Die Schweiz spielt in grossen internationalen Konzernen wegen der geringen Marktgrösse oft eine untergeordnete Rolle. Wie ist die Position der T-Systems Schweiz innerhalb der Gesamtgruppe, bei welchen Themen haben Sie vielleicht sogar eine führende Rolle inne?


Natürlich folgen wir einer vom Mutterhaus vorgegebenen, umfassenden Strategie. Wie bereits erwähnt, stehen dabei Dynamic Services, Collaboration, Mobile Enterprise, Security & Governance sowie Sustainability & Corporate Responsibility im Vordergrund. Viele globale Player haben ihr Headquarter in der Schweiz aufgeschlagen. Das verschafft uns innerhalb der Gruppe eine Sonderstellung. Wir sind Teil eines grossen Ganzen, ohne dabei unsere spezifischen Stärken zu vernachlässigen: unser Know-how, unser Branchenwissen, unsere Fähigkeit, ein partnerschaftliches Verhältnis zum Kunden aufzubauen – ganz in seiner Nähe zu sein. Gleichzeitig sind wir auch an globalen Projekten beteiligt, beispielsweise beim Industriekunden Rio Tinto Alcan, wo wir zusammen mit T-Systems in Frankreich und Deutschland die Mainframe-Services betreuen. Ein anderes Beispiel ist Shell, die vor zwei Jahren ihre IT-Infrastruktur an T-Systems ausgelagert hat. Auch hier sind wir von T-Systems Schweiz involviert.


Nach einem gesamtwirtschaftlich schwierigen 2009, welche Ziele haben Sie sich für 2010 bezüglich Anzahl Mitarbeiter und Umsatz gesetzt und wie beurteilen Sie den bisherigen Jahresverlauf?


Als wichtige Auslandstochter der T-Systems International GmbH beschäftigen wir landesweit an verschiedenen Standorten rund 800 Mitarbeitende. Finanzzahlen publizieren wir nicht. Ich kann Ihnen nur versichern, dass die ersten beiden Quartale 2010 erfreulich verlaufen sind, wir uns aber nicht auf den Lorbeeren ausruhen, sondern hart daran arbeiten, in der Schweiz der führende ICT-Provider für IT und Telekom aus einer Hand  mit globaler Ausstrahlung zu werden, der seinen Kunden aus dem gesamten Netzwerk die besten und günstigsten Dienstleistungen erbringt, die seine Geschäftsprozesse gerade verlangen.

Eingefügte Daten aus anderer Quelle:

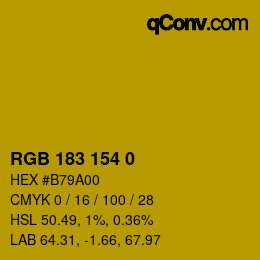 Color code: RGB 183 154 0 | qconv.com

Zum Schluss des Interviews haben Sie zwei Wünsche frei. Wie sehen diese aus?


Mit zunehmendem Alter gewinnt die Gesundheit an Stellenwert. In einem früheren Interview habe ich mal von einem Weinberg geträumt. Doch noch habe ich nach wie vor viel Spass an meinem interessanten Job, und das wird wohl noch ein ganzes Weilchen so bleiben?





Der Gesprächspartner:
Pierre Klatt ist seit August 2009 als Managing Director bei  T-Systems Schweiz tätig. Er wechselte vom amerikanischen IT-Dienstleister EDS zu T-Systems. Der gelernte Elektrotechniker hatte bei EDS Schweiz in den letzten sieben Jahren verschiedene Führungspositionen als CEO, Country Manager und zuletzt als Vice President EMEA Transportation inne. Davor war er in verschiedenen Funktionen bei Atraxis tätig. Der gebürtige Zürcher begann seine IT-Karriere 1983 bei der Swissair Informatik. 1992 wurde er Divisions-Manager und verantwortlich für Airport Remote Systems & Links, später wurde er in den Kader der Atraxis, zuständig für Airport Management Solutions, befördert. Bei Swissair hat er mehrere Karrierestufen durchlaufen und umfassende internationale Erfahrungen gesammelt.


Das Unternehmen:
Mit einer weltumspannenden Infrastruktur aus Rechenzentren und Netzen betreibt T-Systems die Informations- und Kommunikationstechnik (engl. kurz ICT) für multinationale Konzerne und öffentliche Institutionen. Auf dieser Basis bietet die Grosskundensparte der Deutschen Telekom integrierte Lösungen für die vernetzte Zukunft von Wirtschaft und Gesellschaft. Rund 45.300 Mitarbeiter verknüpfen bei T-Systems Branchenkompetenz mit ICT-Innovationen, um Kunden in aller Welt spürbaren Mehrwert für ihr Kerngeschäft zu schaffen. Im Geschäftsjahr 2009 erzielte die Grosskundensparte einen Umsatz von rund 8,8 Milliarden Euro. In der Schweiz zählt T-Systems rund 800 Mitarbeitende und ist neben dem Hauptsitz in Zollikofen schweizweit an verschiedenen Standorten vertreten.